The Pali Notches formed naturally. – the-vu

By Jeffrey the Barak.

Look Ma’uka from Kailua and you will see upon the shoulder of Konahuinui, two very square looking notches in the ridge line. Approaching Kailua on the highest part of Pali Highway from Honolulu they appear huge and close up on the right, just before you dive down through the tunnels.

It seems quite obvious to people who can read the land, that vertical dykes in the basalt fractured, and two neat square gaps appeared in the ridge line.

However, according to legend, the Pali Notches, which to many, exhibit signs of being man-made, were carved out of the mountain ridge leading up from today’s Pali Lookout to the the summit of Konahuanui, also known as Mount Olympus.

It is told in local legend that in preparation for the defending battle against Kamehameha the Great, the armies serving O’ahu’s last chief, Kalanikūpule, using nothing more than stone tools, quickly carved out the massive gaps in the solid basaltic ridge in order to place small cannons acquired from British sailors.
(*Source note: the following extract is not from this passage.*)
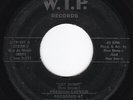 TX Funk FREEDOM EXPRESS Get Down / Freedom Express 45 W.T.P. HEAR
The division was led by one of Kamehameha’s own chiefs, Kaiana, who had defected to Kalanikūpule’s side before the battle of Nu’uanu.

In fact, Kamehameha also employed the guns of Europeans in the battle of Nu’uanu, and it is easy to imagine a few of the O’ahu warriors dying of gunshot woulds from weapons they had no idea existed as they retreated up the Nu’uanu valley for the last time.

But why do we just accept this legend?

For humans without machinery or explosives, the carving of such enormous notches, as tall as multi-story buildings, could take decades or centuries, and you don’t get centuries to prepare for a naval invasion by a chief who may exist in the future.

These are massive cliffs. 18th Century guns are very small objects, which operate just as well when they are not between two giant rock walls. Many brave, and perhaps foolhardy, people hike up the knife-thin ridge and ascend and descend each side of each notch. A few fall and die, but most make it down in time for lunch. None have taken pictures of, or seen any evidence of, two and a quarter century old carving, chiseling or blasting on these eroded rock faces, which, when viewed close up, are not the neat square notches that they appear to be from lower altitudes.

Add to this, the elephant in the room. If you look up the Pali from the Kailua side, there are other, very similar, notches along the Ko’olau ridge line, including some just across the Pali gap beyond the Pali Puka hike.

And then when we really start to think, and we understand collapse via vertical dykes in eroded basalt, it becomes less of a surprise that these giant square gaps appear along the ridge line. They probably looked virtually identical to how they appear today, when Polynesian humans first glimpsed upon them from the ocean.

Today’s Ko’olau, despite their imposing grandeur, are just the roots of a great mountain, once as high as Mauna Kea, that has collapsed and dissolved over time to leave the current terrain. Some great lumps, such as the 230 cubic mile Tuscaloosa Seamount, which is not a seamount at all, but a boulder that fell off this mountain, are far offshore at the bottom of the abyss far away from, and many feet below the height of, today’s Kaneohe Bay. But besides the great Nu’uanu Slide that led to the debris field at the bottom of the ocean off Kaneohe, most of the volcano has simply slowly dissolved away and dispersed over the deep ocean floor.

So why is this story of the the notches being man-made, universally accepted and automatically repeated? It seems that anyone and everyone has made the assumption that they are not natural, and were truly created as gun emplacements for one epic day in history.

It is repeated by Local historians, by hipster hikers, and in tour guides that entice ill-prepared malahini and kama’aina to the deadly climb.

However even squadrons of Menehune with modern jackhammers and dynamite sticks could not have made them. Something far greater was needed, and that was rainwater and lots of time.

Jeffrey the Barak lives in Kailua and glances up at the notches quite frequently.